SANTIAGO RUSIÑOL (1912)
TODO cambia y de unas formas salen las otras, como del hoy sale el mañana; pero nuestros sentidos guardan la ilusión fundamental de que las formas permanecen inmutables, cuando no es advertida su inmediata mudanza. Hallamos que las cosas son lo que son, por lo que tienen en sí de más durable, y amamos aquello donde se atesora una fuerza que oponer al tiempo. Y así, de todas las cosas bellas para los ojos, ninguna tanto como los cristales. El goce de los ojos al mirarlos es un sentimiento sagrado, porque para los ojos, los cristales no tienen edad. Cuando pensamos que su ayer es de mil años y que permanecerán sin mudanza al cumplirse otros mil, sentimos la emoción religiosa de considerarlos fuera del tiempo. La luz de los cristales tiene algo de oración.
Concebir la vida y su expresión estética dentro del movimiento, dentro de todo aquello que cambia sin tregua, que se desmorona, que pasa en una fuga de instantes, es concebirla dentro del absurdo satánico. Los círculos dantescos son la más trágica representación de la soberbia estéril. Satanás estéril y soberbio anhela ser presente en el todo como el rostro de Dios. Girar, girar eternamente en el círculo del tiempo, con el ansia y la congoja de hacer desaparecer el antes y el después; consumirse en el vértigo del vuelo sin detenerse nunca, es la terrible sentencia que cumple el murciélago Lucifer. El giro de los círculos infernales apresurado hasta lo infinito, haría desaparecer lo pasado y lo venidero trocando en suprema quietud el movimiento. La aspiración a borrar el tiempo y el espacio es la aspiración a ser divino, porque la cifra de lo inmutable tiene el rostro de Dios. Todas las cosas, bajo la sombra del pecado, se mueven por estar quietas, sin conseguirlo jamás; pero el místico que sabe amarlas descubre en ellas una condición de permanencia y un enlace de armonía con el Todo. La Gracia.

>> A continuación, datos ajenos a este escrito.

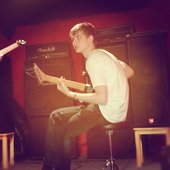 Кирилл (guitar)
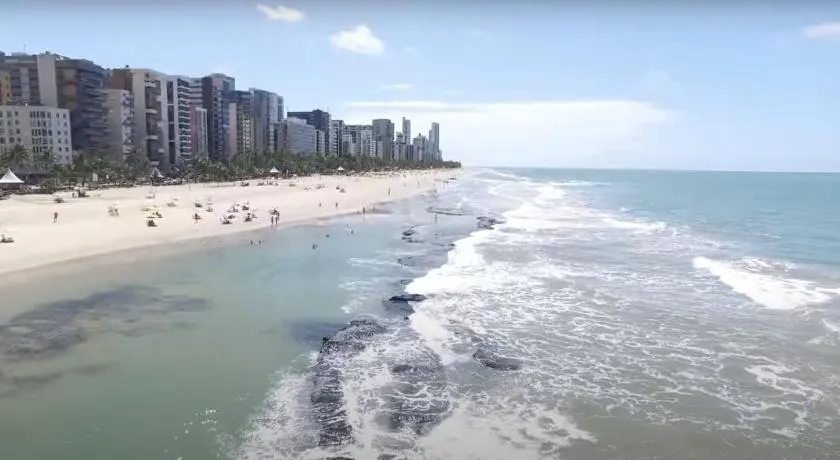 Flat Recife - Boa Viagem - Image 1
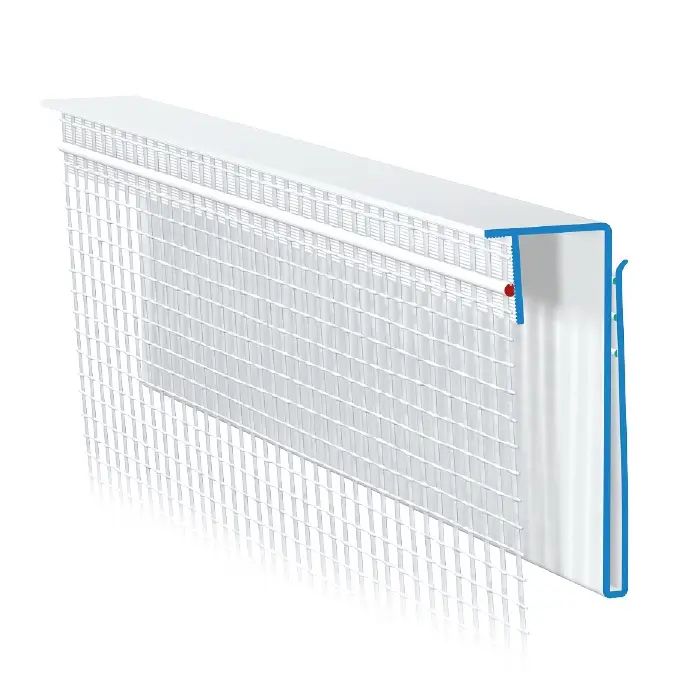 Termoizolații - Element Clipsabil Superior V84 VHF-VENTI-TEX 2m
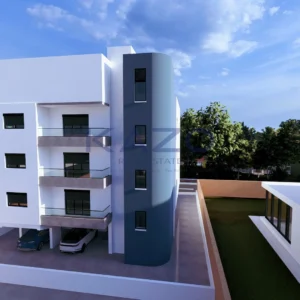 2 Bedroom Apartment for Sale in Limassol – Kapsalos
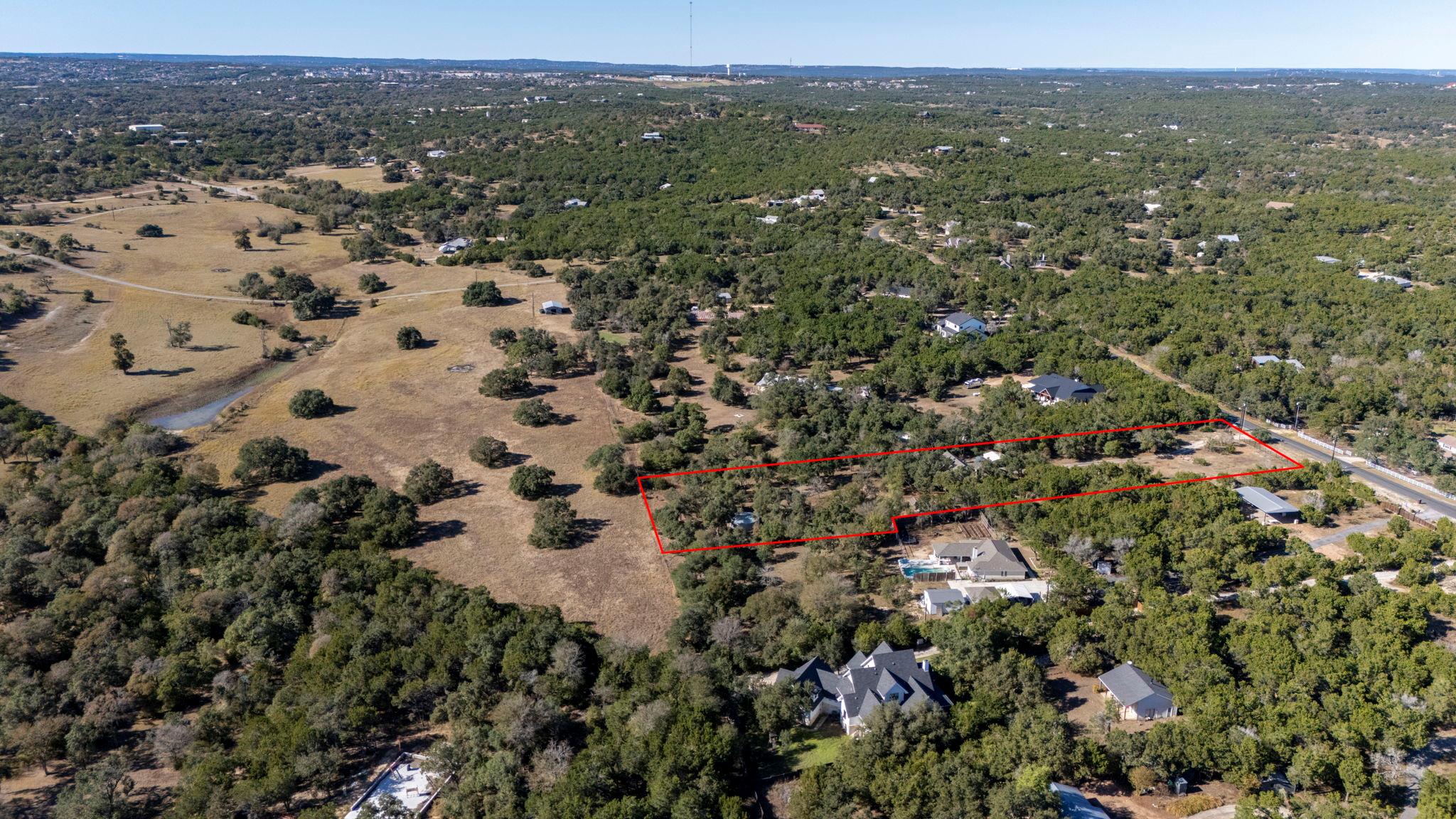 13016 S Madrone Trl, Austin, TX 78737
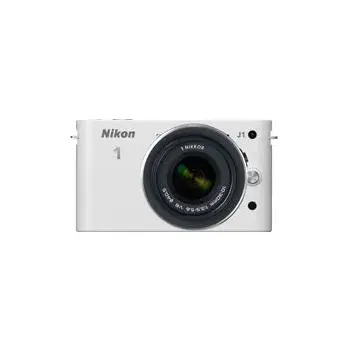 Nikon 1 J1 Refurbished Digital Camera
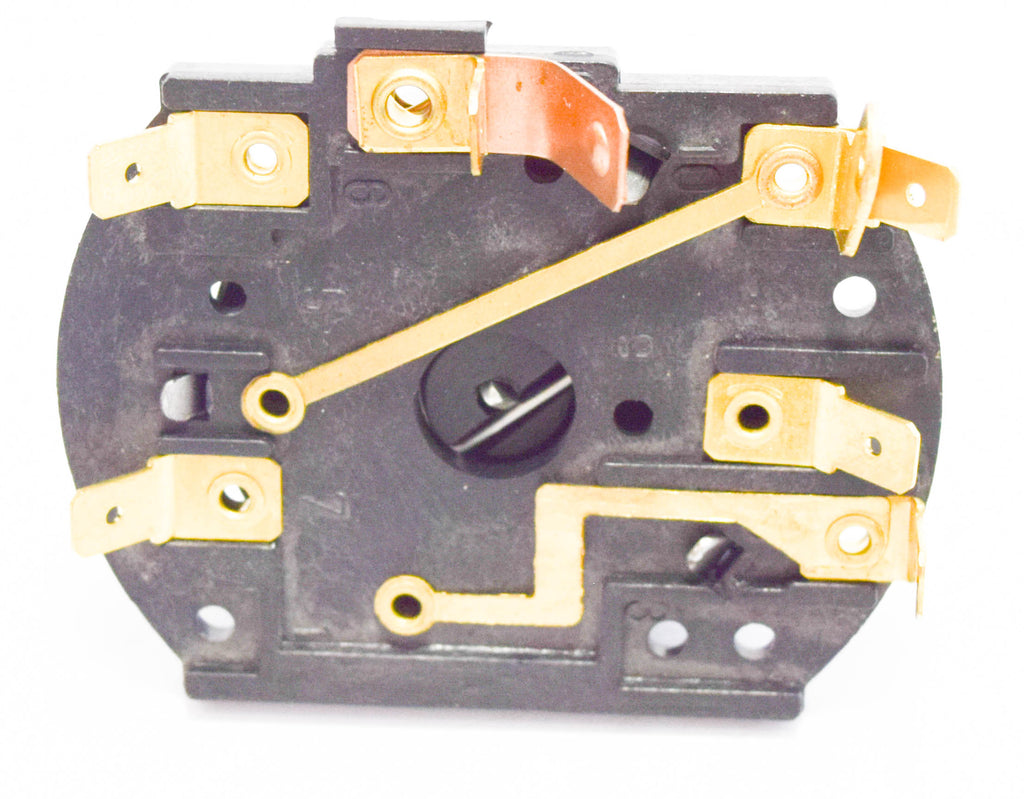 COMMUTATORE LUCI APE MP P501-P601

Entre los pintores españoles, el primero en buscar la verdad y la intensidad de las emociones, sobre la accidental verdad del claro oscuro, ha sido Santiago Rusiñol. Hizo su aparición en una época bárbara, cuando la menguada fórmula del realismo, voceada por Emilio Zola, era aquí tenida por la suprema verdad estética. Sin duda porque aquella fórmula del realismo era un concepto tan carente de valor metafísico que lo podía entender cualquier periodista, y llevarlo a la práctica todos los artistas pobres de talento, pobres de sensibilidad y pobres de cultura. En aquel momento Santiago Rusiñol tuvo todo el prestigio de una bandera, y todo el valor de una escuela. Como acontece siempre pasó sin ser entendido. Pero tornó en todas las ocasiones, con un poco de ironía, hacia los bárbaros luminosos, que tienen la mano hábil como el elefante tiene la trompa. Bien que el elefante, según aseguran los naturalistas, tiene también una gran inteligencia.

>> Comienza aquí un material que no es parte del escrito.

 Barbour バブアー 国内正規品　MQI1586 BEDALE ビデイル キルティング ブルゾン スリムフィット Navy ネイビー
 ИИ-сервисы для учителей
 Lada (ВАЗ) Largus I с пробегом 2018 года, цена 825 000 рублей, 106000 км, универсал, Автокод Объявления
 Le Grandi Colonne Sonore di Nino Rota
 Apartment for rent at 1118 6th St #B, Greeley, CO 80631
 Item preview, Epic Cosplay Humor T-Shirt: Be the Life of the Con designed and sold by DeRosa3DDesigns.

Los armoniosos y melancólicos jardines de Rusiñol, todos llenos de emoción y de una verdad lejana y permanente, la verdad del recuerdo, no podían ser entendidos por los que sólo buscan una verdad inmediata y efímera, el detalle gráfico de un momento sin enlace con otro momento. Santiago Rusiñol en su pintura muestra un concepto totalmente distinto. Sabe enlazar las emociones dispersas en una emoción más honda. Fiel a la tradición griega, procura hacer de la obra de arte una Suma. Y en esta Exposición parece haber llegado a la meta, con el evocador y decorativo jardín: El Parterre del Retiro. Su ejemplo y su doctrina comienza a tener prosélitos. Afortunadamente son ya muchos los jóvenes pintores que, a pesar de la torpe enseñanza de las Escuelas —donde el concepto de arte se reduce a la fórmula mezquina de copiar al natural—, vuelven a la tradición clásica que hace del arte una síntesis de diferentes momentos.

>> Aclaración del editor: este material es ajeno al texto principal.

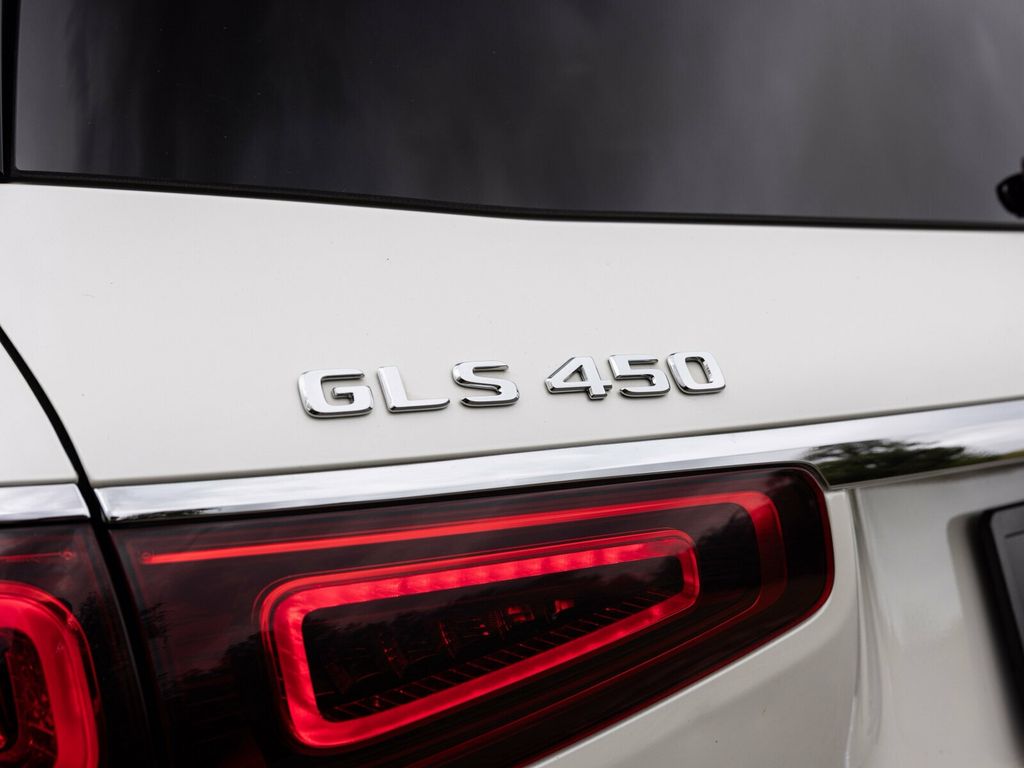 2020 Mercedes-Benz GLS GLS450, Exclusive Nappa Seating, Pano Roof, Comfort Package Plus - 22938047 - 62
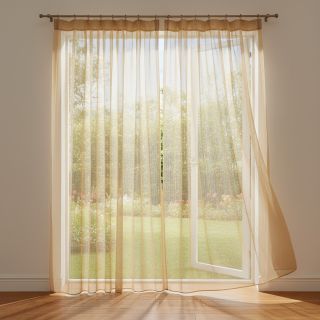 Tul pentru TUTU camel 160 cm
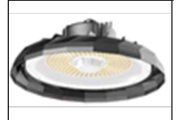 100W B4 (PHILIPS) UFO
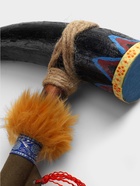 Сувенир «Томагавк - маракас», 42 см - фото 809612304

Y tú, pálido adolescente, que amas toda belleza, hijo de Apolo y de la Luna, cuando pintes, cuando esculpas, cuando cantes, enlaza en una suma tus emociones, perpetúalas en un círculo, y tendrás la clave de los enigmas. Descubre la norma de razón o de ritmo, metafísica o musical, y tocarás con las alas el Infinito. Pon en todas tus horas un enlace místico, y en la que llega vierte todo el contenido de la hora anterior, tal como el vino añejo del ánfora pequeña se trasiega en otra más capaz y se junta con el de las nuevas vendimias. Que sean tus emociones de arte, como los círculos abiertos por la piedra en el cristal del agua, y que en la última se contenga toda su vida.